TASK BRIEF: Pick out and copy every line below that has the word "with".

DATA SHOWN:
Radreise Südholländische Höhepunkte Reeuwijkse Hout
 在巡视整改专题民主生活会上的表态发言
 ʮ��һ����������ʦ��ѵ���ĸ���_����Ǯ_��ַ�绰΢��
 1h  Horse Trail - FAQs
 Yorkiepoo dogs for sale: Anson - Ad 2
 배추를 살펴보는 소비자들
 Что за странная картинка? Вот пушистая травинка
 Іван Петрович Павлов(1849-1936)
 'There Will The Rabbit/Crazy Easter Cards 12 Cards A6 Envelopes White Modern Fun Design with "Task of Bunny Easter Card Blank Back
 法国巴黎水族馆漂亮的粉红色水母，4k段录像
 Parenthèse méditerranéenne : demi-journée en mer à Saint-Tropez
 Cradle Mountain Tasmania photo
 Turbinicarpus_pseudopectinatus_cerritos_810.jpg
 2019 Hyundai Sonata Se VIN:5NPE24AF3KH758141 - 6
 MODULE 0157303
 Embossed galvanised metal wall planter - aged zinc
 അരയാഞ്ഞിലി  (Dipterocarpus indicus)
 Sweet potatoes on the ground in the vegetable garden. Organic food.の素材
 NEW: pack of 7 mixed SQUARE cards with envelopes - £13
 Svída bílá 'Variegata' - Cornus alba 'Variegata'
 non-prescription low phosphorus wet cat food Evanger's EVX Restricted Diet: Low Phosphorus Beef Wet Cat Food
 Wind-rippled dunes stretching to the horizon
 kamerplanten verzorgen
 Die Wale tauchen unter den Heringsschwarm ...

FINISHED EXERCISE:
 'There Will The Rabbit/Crazy Easter Cards 12 Cards A6 Envelopes White Modern Fun Design with "Task of Bunny Easter Card Blank Back
 NEW: pack of 7 mixed SQUARE cards with envelopes - £13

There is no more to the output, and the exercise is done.